THE INPUT section start

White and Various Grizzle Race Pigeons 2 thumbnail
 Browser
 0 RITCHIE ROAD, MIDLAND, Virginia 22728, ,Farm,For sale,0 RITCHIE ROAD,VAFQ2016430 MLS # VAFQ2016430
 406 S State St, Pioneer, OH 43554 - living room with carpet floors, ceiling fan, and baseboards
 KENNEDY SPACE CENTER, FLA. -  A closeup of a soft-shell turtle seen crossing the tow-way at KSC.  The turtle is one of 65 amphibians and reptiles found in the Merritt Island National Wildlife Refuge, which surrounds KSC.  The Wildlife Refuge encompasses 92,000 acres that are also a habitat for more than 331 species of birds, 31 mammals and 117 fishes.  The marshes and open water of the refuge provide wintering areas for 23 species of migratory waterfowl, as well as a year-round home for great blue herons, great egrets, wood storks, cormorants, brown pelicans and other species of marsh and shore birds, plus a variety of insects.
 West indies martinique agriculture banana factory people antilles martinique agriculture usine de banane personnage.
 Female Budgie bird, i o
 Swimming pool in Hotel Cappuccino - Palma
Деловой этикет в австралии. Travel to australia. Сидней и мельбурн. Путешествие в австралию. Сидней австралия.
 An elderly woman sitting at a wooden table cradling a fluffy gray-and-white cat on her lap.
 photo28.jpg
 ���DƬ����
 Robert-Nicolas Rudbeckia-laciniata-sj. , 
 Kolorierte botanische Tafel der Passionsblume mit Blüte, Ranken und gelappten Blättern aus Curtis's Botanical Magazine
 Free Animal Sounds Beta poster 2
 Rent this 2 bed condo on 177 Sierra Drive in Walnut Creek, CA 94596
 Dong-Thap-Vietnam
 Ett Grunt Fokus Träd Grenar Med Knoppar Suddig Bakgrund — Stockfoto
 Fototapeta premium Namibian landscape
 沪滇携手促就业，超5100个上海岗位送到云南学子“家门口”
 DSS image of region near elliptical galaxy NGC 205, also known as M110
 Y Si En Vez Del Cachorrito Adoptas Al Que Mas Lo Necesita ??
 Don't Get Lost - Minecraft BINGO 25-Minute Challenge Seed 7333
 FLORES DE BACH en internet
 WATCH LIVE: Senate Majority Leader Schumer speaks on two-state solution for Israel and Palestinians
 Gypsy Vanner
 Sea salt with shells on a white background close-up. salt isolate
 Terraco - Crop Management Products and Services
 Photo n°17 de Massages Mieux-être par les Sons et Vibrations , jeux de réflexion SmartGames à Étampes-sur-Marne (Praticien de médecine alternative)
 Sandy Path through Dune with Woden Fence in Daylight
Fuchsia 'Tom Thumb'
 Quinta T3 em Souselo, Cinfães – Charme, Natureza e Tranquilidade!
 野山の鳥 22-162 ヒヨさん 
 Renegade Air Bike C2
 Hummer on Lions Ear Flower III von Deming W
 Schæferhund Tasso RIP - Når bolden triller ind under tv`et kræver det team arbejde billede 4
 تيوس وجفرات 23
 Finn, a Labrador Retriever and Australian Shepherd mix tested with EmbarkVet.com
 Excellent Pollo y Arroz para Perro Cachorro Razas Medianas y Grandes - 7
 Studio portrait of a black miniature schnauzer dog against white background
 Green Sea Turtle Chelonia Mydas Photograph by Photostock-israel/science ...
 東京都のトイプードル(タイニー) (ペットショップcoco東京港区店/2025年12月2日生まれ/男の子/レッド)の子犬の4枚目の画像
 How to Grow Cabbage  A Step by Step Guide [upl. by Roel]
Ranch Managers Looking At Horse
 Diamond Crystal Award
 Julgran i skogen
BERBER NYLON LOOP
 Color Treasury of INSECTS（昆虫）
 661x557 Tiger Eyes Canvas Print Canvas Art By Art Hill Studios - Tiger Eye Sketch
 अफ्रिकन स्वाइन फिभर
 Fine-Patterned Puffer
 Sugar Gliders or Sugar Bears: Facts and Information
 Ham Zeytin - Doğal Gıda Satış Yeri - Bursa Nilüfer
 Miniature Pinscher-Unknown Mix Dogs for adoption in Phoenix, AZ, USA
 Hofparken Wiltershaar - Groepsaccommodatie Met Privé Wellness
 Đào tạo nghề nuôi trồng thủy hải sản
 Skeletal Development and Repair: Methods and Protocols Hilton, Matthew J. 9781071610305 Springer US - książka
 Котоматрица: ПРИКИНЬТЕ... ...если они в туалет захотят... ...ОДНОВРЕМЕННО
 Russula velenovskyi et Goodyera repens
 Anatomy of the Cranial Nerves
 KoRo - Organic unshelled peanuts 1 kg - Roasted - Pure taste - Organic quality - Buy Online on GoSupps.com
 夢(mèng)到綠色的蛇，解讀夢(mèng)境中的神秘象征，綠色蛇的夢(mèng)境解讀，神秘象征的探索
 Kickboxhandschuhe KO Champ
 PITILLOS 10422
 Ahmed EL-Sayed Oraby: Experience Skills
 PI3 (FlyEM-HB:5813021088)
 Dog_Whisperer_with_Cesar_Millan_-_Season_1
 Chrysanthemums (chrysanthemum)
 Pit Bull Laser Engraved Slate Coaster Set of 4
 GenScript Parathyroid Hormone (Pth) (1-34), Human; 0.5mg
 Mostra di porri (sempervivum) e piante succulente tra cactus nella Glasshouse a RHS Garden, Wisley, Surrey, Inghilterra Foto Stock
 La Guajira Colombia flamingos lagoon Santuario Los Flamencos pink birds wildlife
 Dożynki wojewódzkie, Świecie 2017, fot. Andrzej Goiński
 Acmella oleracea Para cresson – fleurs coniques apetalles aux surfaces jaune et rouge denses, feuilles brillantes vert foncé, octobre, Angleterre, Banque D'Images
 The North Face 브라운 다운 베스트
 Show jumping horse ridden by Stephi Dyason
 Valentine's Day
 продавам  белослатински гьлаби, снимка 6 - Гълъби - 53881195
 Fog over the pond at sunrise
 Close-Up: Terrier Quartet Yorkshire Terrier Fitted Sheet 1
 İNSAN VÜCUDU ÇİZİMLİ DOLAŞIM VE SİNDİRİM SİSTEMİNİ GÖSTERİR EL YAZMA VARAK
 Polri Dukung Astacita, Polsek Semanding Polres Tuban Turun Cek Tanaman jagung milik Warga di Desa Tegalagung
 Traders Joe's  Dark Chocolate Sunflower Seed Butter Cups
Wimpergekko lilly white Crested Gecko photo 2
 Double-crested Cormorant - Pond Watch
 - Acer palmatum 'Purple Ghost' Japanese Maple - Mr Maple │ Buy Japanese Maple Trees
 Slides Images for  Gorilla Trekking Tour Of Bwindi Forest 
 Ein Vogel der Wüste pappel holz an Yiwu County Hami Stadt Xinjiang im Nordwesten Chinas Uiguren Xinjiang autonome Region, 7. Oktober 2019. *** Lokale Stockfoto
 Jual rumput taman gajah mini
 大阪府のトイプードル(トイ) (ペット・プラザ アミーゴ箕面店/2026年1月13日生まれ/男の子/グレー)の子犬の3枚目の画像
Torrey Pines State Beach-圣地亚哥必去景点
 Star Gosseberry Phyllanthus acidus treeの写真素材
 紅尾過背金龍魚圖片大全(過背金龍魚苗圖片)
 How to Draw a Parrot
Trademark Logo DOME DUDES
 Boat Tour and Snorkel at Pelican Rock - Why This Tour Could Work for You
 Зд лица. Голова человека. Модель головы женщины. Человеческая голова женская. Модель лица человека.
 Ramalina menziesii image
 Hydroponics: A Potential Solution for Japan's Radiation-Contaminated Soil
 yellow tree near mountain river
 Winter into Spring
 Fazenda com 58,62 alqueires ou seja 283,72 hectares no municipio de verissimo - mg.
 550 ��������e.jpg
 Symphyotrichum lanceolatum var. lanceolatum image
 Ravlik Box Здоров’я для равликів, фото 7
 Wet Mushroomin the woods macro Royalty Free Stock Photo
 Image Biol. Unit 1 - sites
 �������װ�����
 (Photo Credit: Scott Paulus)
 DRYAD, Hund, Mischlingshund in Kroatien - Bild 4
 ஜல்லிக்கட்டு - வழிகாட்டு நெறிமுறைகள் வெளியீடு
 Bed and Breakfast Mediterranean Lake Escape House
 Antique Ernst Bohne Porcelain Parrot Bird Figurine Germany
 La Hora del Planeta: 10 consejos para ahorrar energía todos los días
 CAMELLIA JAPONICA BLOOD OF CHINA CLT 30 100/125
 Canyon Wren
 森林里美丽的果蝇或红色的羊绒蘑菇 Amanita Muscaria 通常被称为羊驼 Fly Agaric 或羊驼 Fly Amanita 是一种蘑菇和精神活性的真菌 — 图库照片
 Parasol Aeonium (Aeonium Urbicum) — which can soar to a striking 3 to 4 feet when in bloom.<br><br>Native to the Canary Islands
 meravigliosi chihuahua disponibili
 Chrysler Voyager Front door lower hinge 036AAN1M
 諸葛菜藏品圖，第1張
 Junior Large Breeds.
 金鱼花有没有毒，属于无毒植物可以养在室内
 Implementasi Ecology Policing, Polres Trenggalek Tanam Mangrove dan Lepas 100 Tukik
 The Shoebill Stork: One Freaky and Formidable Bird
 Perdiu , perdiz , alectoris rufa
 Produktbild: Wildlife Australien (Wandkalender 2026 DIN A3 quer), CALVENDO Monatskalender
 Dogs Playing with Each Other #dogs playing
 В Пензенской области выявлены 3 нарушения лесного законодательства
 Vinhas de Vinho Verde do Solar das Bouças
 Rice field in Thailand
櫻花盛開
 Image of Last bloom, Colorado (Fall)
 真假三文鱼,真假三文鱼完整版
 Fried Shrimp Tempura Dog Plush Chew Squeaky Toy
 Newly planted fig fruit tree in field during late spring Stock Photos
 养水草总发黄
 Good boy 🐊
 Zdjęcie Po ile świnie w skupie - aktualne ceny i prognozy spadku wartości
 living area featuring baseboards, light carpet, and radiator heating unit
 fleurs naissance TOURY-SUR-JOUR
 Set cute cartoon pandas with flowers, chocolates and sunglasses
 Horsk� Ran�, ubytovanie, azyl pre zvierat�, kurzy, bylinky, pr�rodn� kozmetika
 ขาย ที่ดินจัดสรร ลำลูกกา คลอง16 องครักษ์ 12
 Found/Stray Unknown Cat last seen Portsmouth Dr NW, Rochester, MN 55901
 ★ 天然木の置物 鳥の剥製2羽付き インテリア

THE INPUT section end

ACTION ITEM: Using the records above, find the number of lines that contain the string "baseboards", and give that number without further comment.

REPLY TO THE EXERCISE: 2